How much longer will students be willing to go away to college?

I worked my way through school. In the 9 years it took to earn my degree I commuted to a cc, dormed at a private university, commuted to another private, them commuted to the public university where I got my degree. The best college experience I had was as a commuter because it cost less so I had more money and could afford to socialize. Living on campus isn’t much fun when everyone goes out Friday through Sunday and you either can’t afford it or you’re working.

The benefits to living on campus are that it’s easier to make friends and do spur of the moment things. But commuters who are proactive can have a full social life. My son commutes to our local SUNY. We offered to pay for a dorm the first year but he didn’t want it. Living at home is saving us ~$12k/year. He works part-time during the year for spending money instead of hustling to help cover room & board expenses. He has the time and money to travel, and he and his friends do a lot of it. Commuting is a different experience than dorming, but for kids from average income families it doesn’t have to be a lower quality one.

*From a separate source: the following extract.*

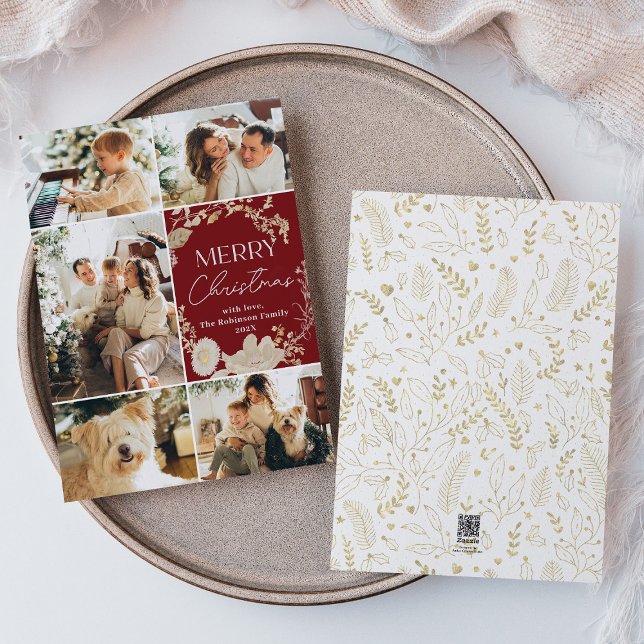 Cartão De Festividades Rustic Felry Christmas 5 Photo Red (Criador carregado)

^ Yep, and it also depends on whether you are in a big city with access to public transportation or not as well.

There is less benefit to living “on-campus” at a city uni like NYU, for instance.

To be sure, the cost of tuition has really outpaced real income since I was in college. With that said, I attended the UW with a combination of Pell and State need grants, work study awards and a moderate amount of loans. I was, however, in-state, so that mattered. Then again, I was the son of a single mother working as an underpaid office worker. We honestly had next to zero, but she was able to help me some because she lived in a town with a very low cost of living.

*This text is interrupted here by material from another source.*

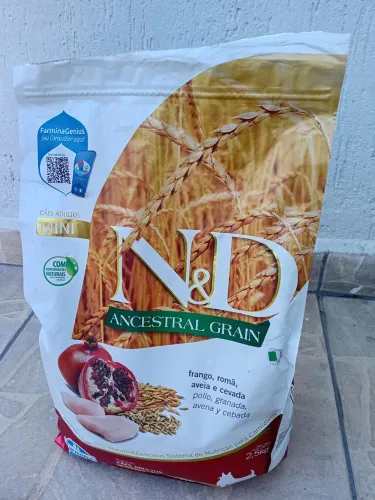 Ração Ancestral Grain N&D - 2,5 kg - Mini Breeds - 1 pacote.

I don’t dispute your response, and perhaps it’s because I live in Seattle, but I also don’t know many parents getting by on $57k. Even $75k would be the exception, if I could think of an example. It’s not just because I’m a professional; I live in a part of Seattle where there are a lot of Boeing workers (floor and staff engineers) who make a good, steady living, but are not approaching $200k either. My oldest daughter is 3 years out of college and works on the admin. side of a large accounting firm and makes $60K +.

Of the adults who live in my area, I would say, sure, they really tend to focus on in-state schools by and large, and if their kids want more, say a regional LAC or an OOS university, the kid I’m sure winds up absorbing part of the cost. In those cases, it’s not an “all or nothing” proposition, but rather a blended approach. I’ll also agree that those kids don’t tend to go out of state for just any school - it’s going to be a high-end school typically, and as you point out, those kids can leverage more financial help from the school.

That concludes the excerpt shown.